Another factor that influences sea turtle populations is light pollution. Last year our research team documented 195 hatchling and adult disorientations as a result of beach front lighting. Disorientation occurs when a sea turtle crawls toward a source of artificial light rather than the water. This results in expenditure of precious energy reserves or even mortality. Some hatchlings on Florida beaches have been known to crawl over a mile in response to non-natural light.

The disorientation events documented by LMC research staff are very low in comparison to other populations in Florida. We are lucky here at LMC that our local residents remain vigilant about “lights out for sea turtles.” Other Florida sea turtle populations disorient at a much higher rate than we see here; a number of beaches in Florida see 50–90 percent of their hatchlings disorient as a result of improper lighting or sky glow.

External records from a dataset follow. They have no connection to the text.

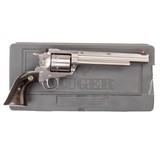 RUGER NEW MODEL SUPER BLACKHAWK HUNTER .44 MAGNUM - 3 of 3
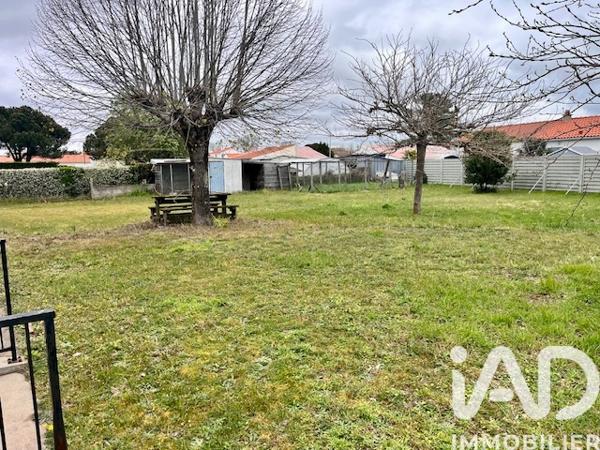 Maison à vendre 7 pièces 119 m² Notre-Dame-de-Monts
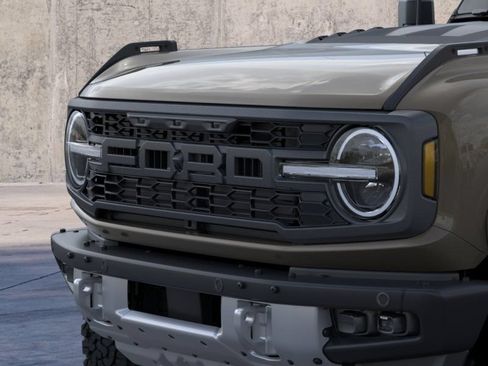 New 2026 Ford Bronco Raptor AWD/4WD image 19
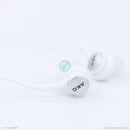 Tai nghe 3.5 SAMSUNG S10+ AKG màu trắng bh01t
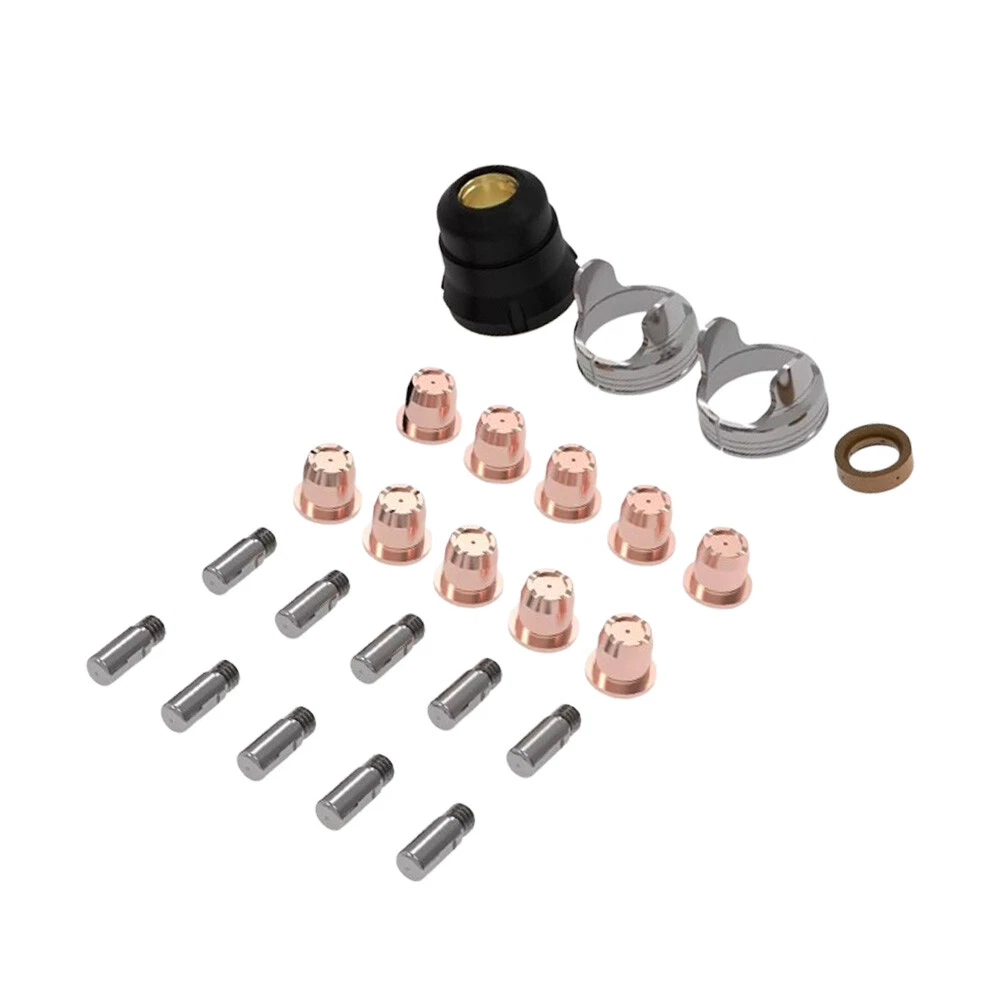 15 Anelli Di Ricambio Per Torcia Al Plasma 120925 – Compatibile Con Powermax1650 E Serie Cutmaster - 3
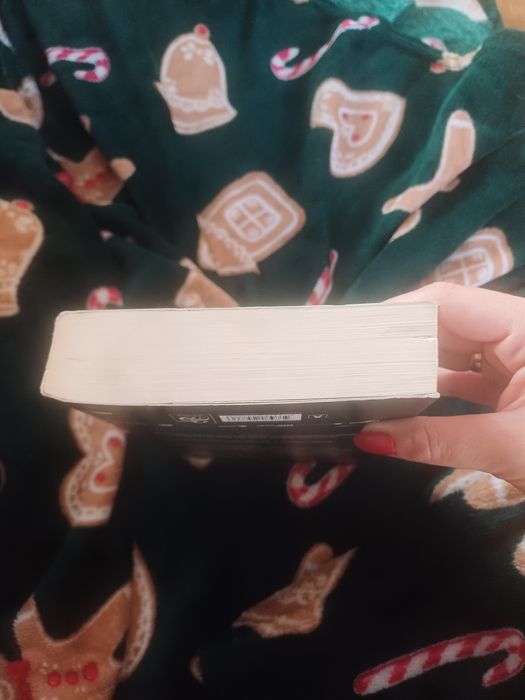 Noc kiedy umarła Jenny Blackhurst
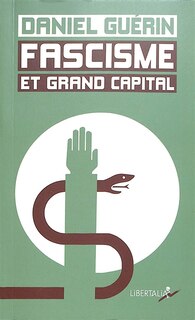 Couverture_Fascisme et grand capital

The ‘natural odds of survival’ for hatchlings are already low, but now with changing climates, marine debris, light pollution and changing temperatures, we believe the odds continue to change – and perhaps not for the better.

Although we see nesting success on shore, we have little – if any – control to help sea turtles once they reach the ocean.

From the data, we know the ocean needs our help more than ever before. So what now? We need more advocates. Please join us in our efforts by getting involved in the conservation conversation, our sea turtles, our ocean, and the next generation need us to act, right now.